◆ **Task item**
Quote the whole listing word for word. Do not include the pictures.
─── Dataset excerpt ───
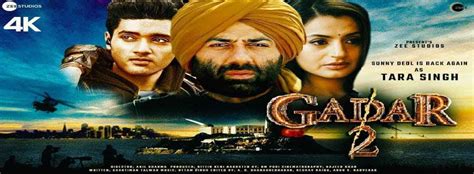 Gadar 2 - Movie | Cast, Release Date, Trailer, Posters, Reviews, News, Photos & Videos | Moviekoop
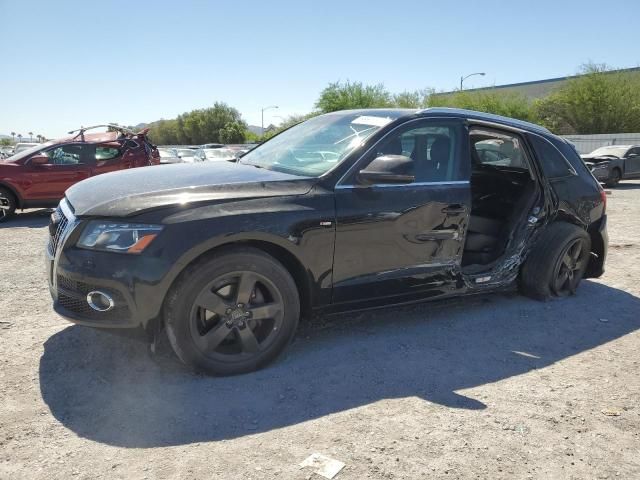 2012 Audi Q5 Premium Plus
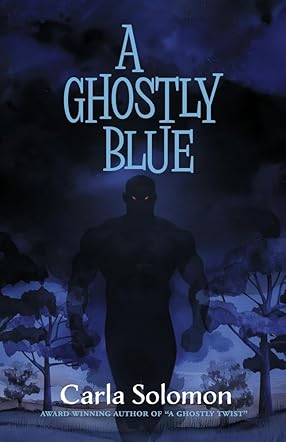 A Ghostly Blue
───
◆ **Solution to this task**
 Gadar 2 - Movie | Cast, Release Date, Trailer, Posters, Reviews, News, Photos & Videos | Moviekoop
 2012 Audi Q5 Premium Plus
 A Ghostly Blue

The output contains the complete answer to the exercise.